How to count the number of sentences in a text in R

A fundamental task in R that is frequently used in text analysis and natural language processing is counting the number of sentences in a text. Sentence counting is necessary for many applications, including language modelling, sentiment analysis, and text summarization. In this article, we’ll look at various techniques and R packages for quickly and correctly counting the amount of phrases in a given text using R.

Related Concepts :

  • Regular Expressions : Regular expression specifies pattern that is used to identify sentences .
  • Functions in R : Various string related functions will be used for counting sentences

Steps Required For Counting Sentences in R :

  • First we need to write R script in R Studio that will perform counting of sentences .
  • We will store our text in a variable as string .
  • Then we will use regular expression to match it with text to count sentences .
  • Now we will use below examples to get count of sentences .
  • Finally we will display the count of sentences on console .

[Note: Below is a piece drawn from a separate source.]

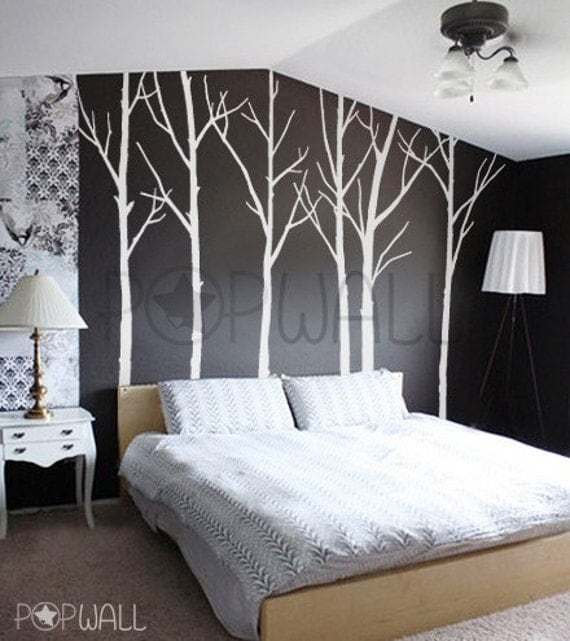 Wall  Stickers on Vinyl Wall Decal Wall Sticker Tree Decal Art   Winter Trees   Set Of 6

Code for Counting Sentences in Text using stringr Package

R




text <- "This is R program for counting number of sentences in text.
This program is for GFG article . And it is using stringr package for counting."
 
sentences <- unlist(strsplit(text, "[.!?]"))
 
num_sentences <- length(sentences)
 
cat("Number of sentences using unlist and strsplit :", num_sentences)


Output:

Number of sentences using unlist and strsplit : 3

  • First we store text in text variable .
  • Then we use strsplit to split text using regular expression .
  • unlist() – on above split output to convert it to list and store it in sentences variable.
  • length() is used to find number of sentences in sentences variable.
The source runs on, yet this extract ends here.